Work instruction -
For this exercise, output the entries below exactly from the line that holds "Picea retroflexa (Brush" to the line that holds "A hunting Kestrel, Falco", both ends included. No pictures belong in the copy.

Records for this task -
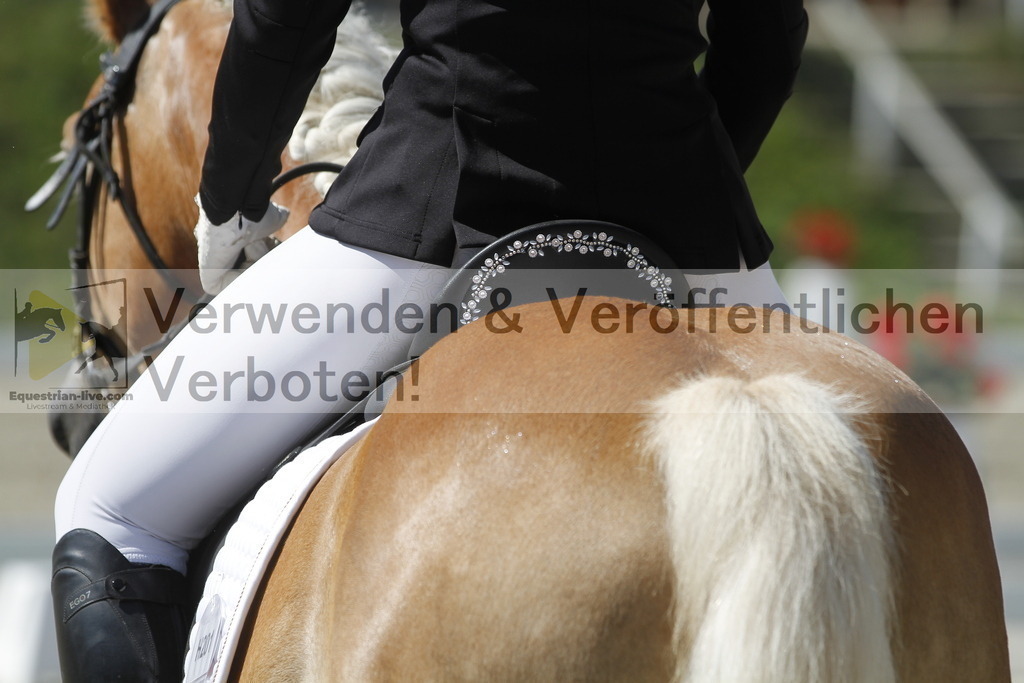 _MG_0627 | equestrian-live-com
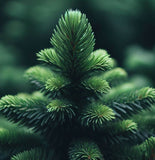 Picea retroflexa (Brush Needle Spruce, Tapao Shan Spruce, Green Dragon Spruce)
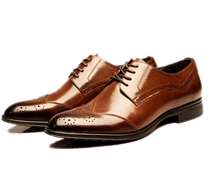 Fancy Shoes WESTLAND®
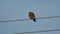 A hunting Kestrel, Falco tinnunculus, perching on a cable on a windy day in the UK.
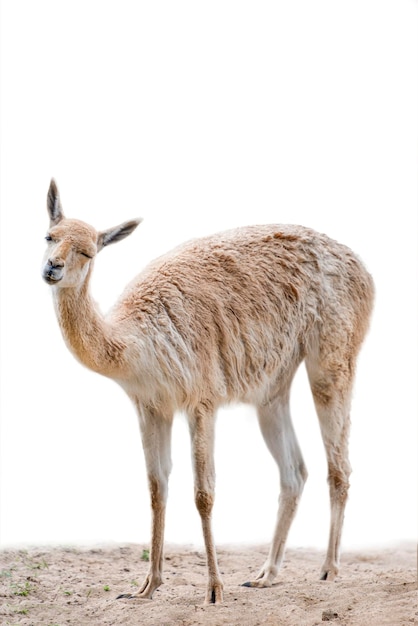 Vicuna An animal similar to a llama or alpaca Vicuna isolated on white background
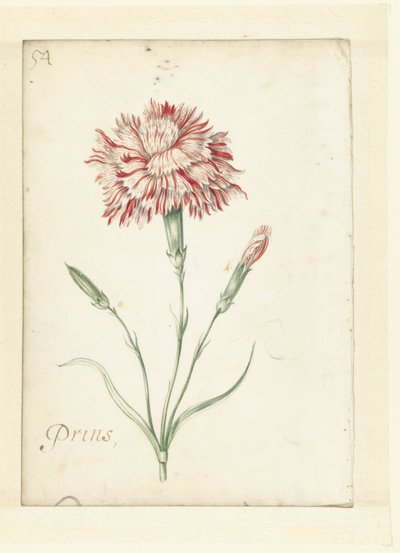 Nejlika av Jacob Marrel (possibly)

Expected answer -
 Picea retroflexa (Brush Needle Spruce, Tapao Shan Spruce, Green Dragon Spruce)
 Fancy Shoes WESTLAND®
 A hunting Kestrel, Falco tinnunculus, perching on a cable on a windy day in the UK.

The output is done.